The whole listing, please: repeat it exactly, with the pictures left out.

### Data section:
Start of Block
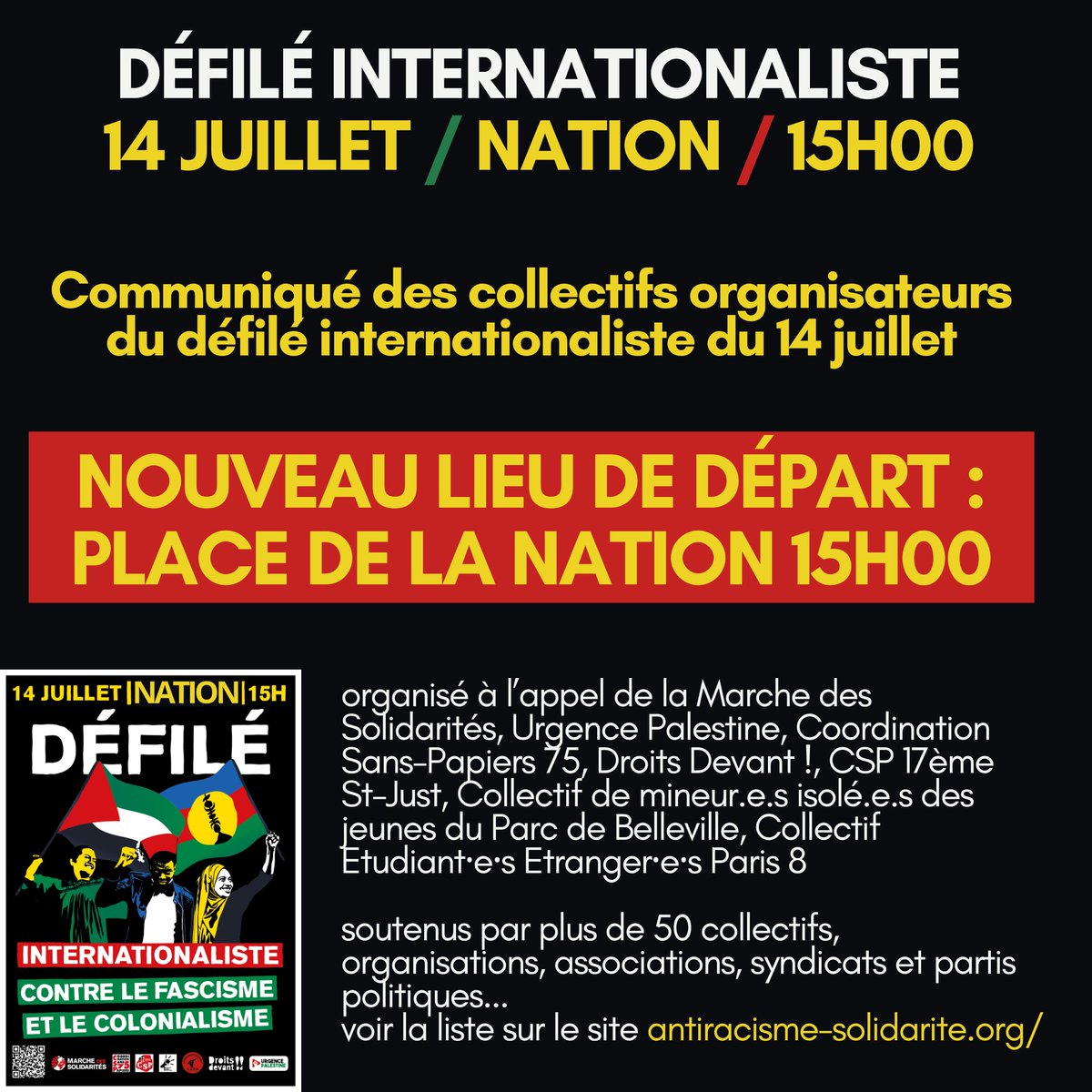 MSolidarites's tweet photo. 🚨Communiqué des collectifs organisateurs du défilé internationaliste du 14 juillet 

📅Nouveau lieu de départ : 15H00 Place de la Nation https://t.co/Pz4Hjzes0r
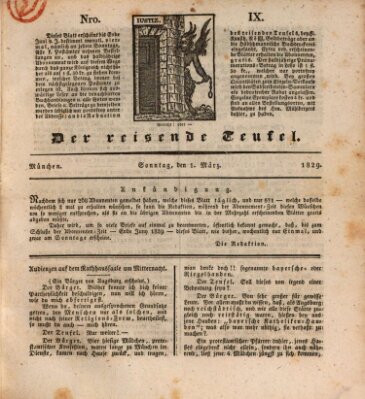 Der reisende Teufel (Der Hofnarr) Sonntag 1. März 1829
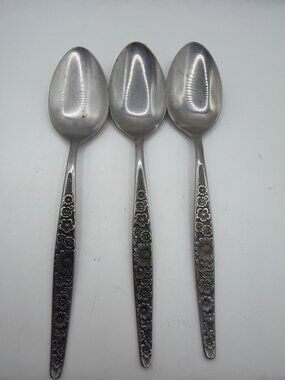 Interpur Stainless Steel Floral Pattern Vintage Spoons Set Of 3 Korea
End of Block
### Answer for the task:
 MSolidarites's tweet photo. 🚨Communiqué des collectifs organisateurs du défilé internationaliste du 14 juillet 

📅Nouveau lieu de départ : 15H00 Place de la Nation https://t.co/Pz4Hjzes0r
 Der reisende Teufel (Der Hofnarr) Sonntag 1. März 1829
 Interpur Stainless Steel Floral Pattern Vintage Spoons Set Of 3 Korea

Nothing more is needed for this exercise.